I'm rather new to solving ODEs/PDEs numerically and am trying to solve a 2nd order, nonlinear ODE involving trigonometric terms using finite-differences. The ODE has the followign form: $$ \frac{d^2y}{dx^2} = a \cdot \sin(y) + b \cdot \cos(y) $$ I would like to numerically solve this in matrix operation form: $$ A \cdot \vec{y} = \vec{b} $$ Discretizing using the standard FDM-stencil: $$ \frac{y_{i+1} - 2y_i + y_{i-1}}{\Delta x^2} = a \cdot \sin(y_i) + b \cdot \sin(y_i) $$ But because of the trigonometric terms either $A$ or $\vec{b}$ must be dependent on $\vec{y}$. For example: $$ \frac{1}{\Delta x^2} \begin{pmatrix} 1 & -2 & 1 & 0 &\cdots \\ & \ddots & \ddots & \ddots & \\ \cdots & 0 & 1 & -2 & 1 \end{pmatrix} \cdot \begin{pmatrix} y_{i-1} \\ y_i \\ y_{i+1} \\ \vdots \end{pmatrix} = \begin{pmatrix} a \cdot \sin(y_{i-1}) + b \cdot \sin(y_{i-1}) \\ a \cdot \sin(y_i) + b \cdot \sin(y_i) \\ a \cdot \sin(y_{i+1}) + b \cdot \sin(y_{i+1}) \\ \vdots \end{pmatrix} $$ The only solution I could think of is an iteration loop $j$, where I give a starting guess for $\vec{y}$ into $\vec{b}$ and then use $\vec{y}_j - \vec{y}_{j-1}$ as a residual to iterate.

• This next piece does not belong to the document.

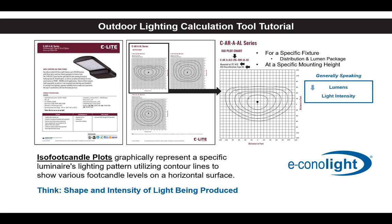Generally speaking, as your lumens are decreased, your light intensity decreases. As your lumen packages are increased, your light intensity also increases.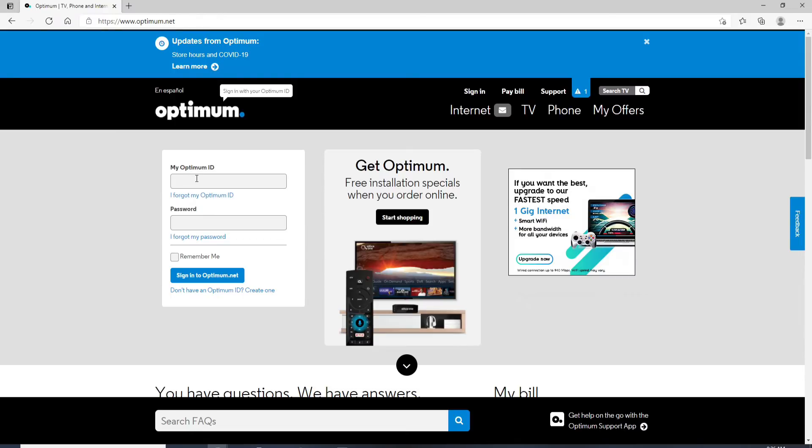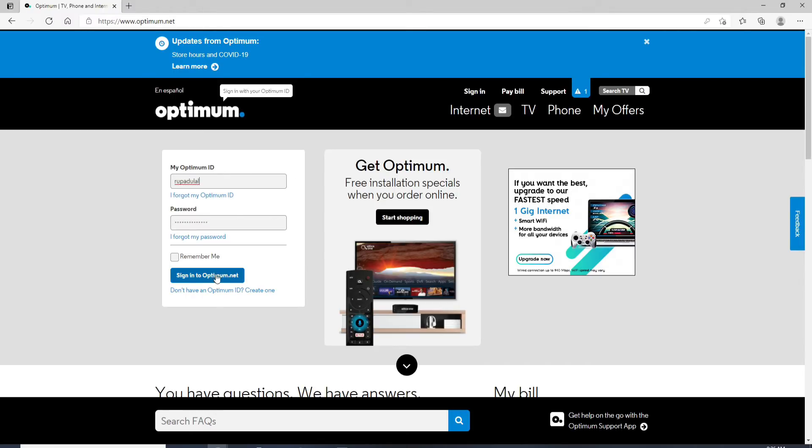Enter your Optimum ID in the first text field. Making sure your user ID is correct, move on to the next field and type in your password. Once you have your password correct and your ID correct, you can go and click on sign into Optimum.net.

What would be the best strategy to this problem? Is it possible to avoid iterating?
EDIT: added the discretization I thought of
$$y'' = a \, \sin(y) + b \, \cos(y)$$ Switching variables $$-\frac {x''}{[x']^3}= a \, \sin(y) + b \, \cos(y)$$ Reduction of order $p=x'$ $$ -\frac {p'}{p^3}= a \, \sin(y) + b \, \cos(y)$$ Integration $$p=\pm \frac{1}{\sqrt{2 (b \sin (y)-a \cos (y))+c_1}}=x'$$ Integrate again and you have an explicit solution for $x(y)$ which is impossibel to inverse.
But, numerically, staying with $p=x'$, you face a first order equation.